As the narrator describes where they are staying, “a big, airy room, the whole floor nearly, with windows that look all ways, and air and sunshine galore,” the setting sounds like it might be a nice place to spend some time–but then she begins to describe the wallpaper.
The paint and paper look as if a boys’ school had used it. It is stripped off—the paper—in great patches all around the head of my bed, about as far as I can reach, and in a great place on the other side of the room low down. I never saw a worse paper in my life.
One of those sprawling flamboyant patterns committing every artistic sin.
It is dull enough to confuse the eye in following, pronounced enough to constantly irritate and provoke study, and when you follow the lame uncertain curves for a little distance they suddenly commit suicide—plunge off at outrageous angles, destroy themselves in unheard of contradictions. The color is repellent, almost revolting; a smouldering unclean yellow, strangely faded by the slow-turning sunlight. It is a dull yet lurid orange in some places, a sickly sulphur tint in others.

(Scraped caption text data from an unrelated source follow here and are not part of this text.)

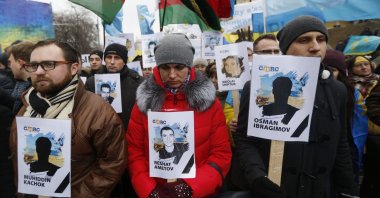 Ukrainian and Crimean Tatar activists hold portraits with the names of victims of the Russian annexation of Crimea, Kyiv, Ukraine, Feb. 26, 2017. (AP Photo)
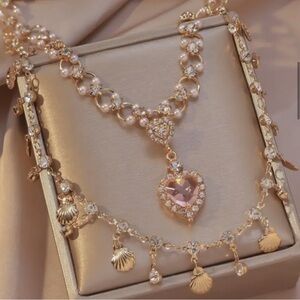 Elegant Gold and Pink Necklace with Intricate Design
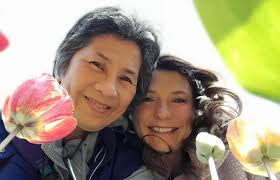 We dodged the raindrops and saw the tulips yesterday. Earlier in the day,  it was looking pretty iffy. Heavy dark clouds and a steady stream of rain.  But texting with Candace, she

The description is unflattering and obsessive, and the line about the “lame uncertain curves” that “suddenly commit suicide” makes me again wonder about the reliability of the narrator. Is it a nice, airy, sunny room? Is the wallpaper so incredibly ugly that it overshadows the virtues of the room? The narrator’s tone constantly shifts from neutral to anxious and angry. When the narration suddenly changes tone or makes you ask a lot of questions about what the narrator really means, you are dealing with an unreliable narrator.
As we read, the narrator becomes more and more inconsistent and unbalanced until finally she is so unhinged that she is crawling around the nursery, ripping the wallpaper off the walls. When her husband goes to her in the nursery, he passes out from the shock of seeing her condition—or so she tells us!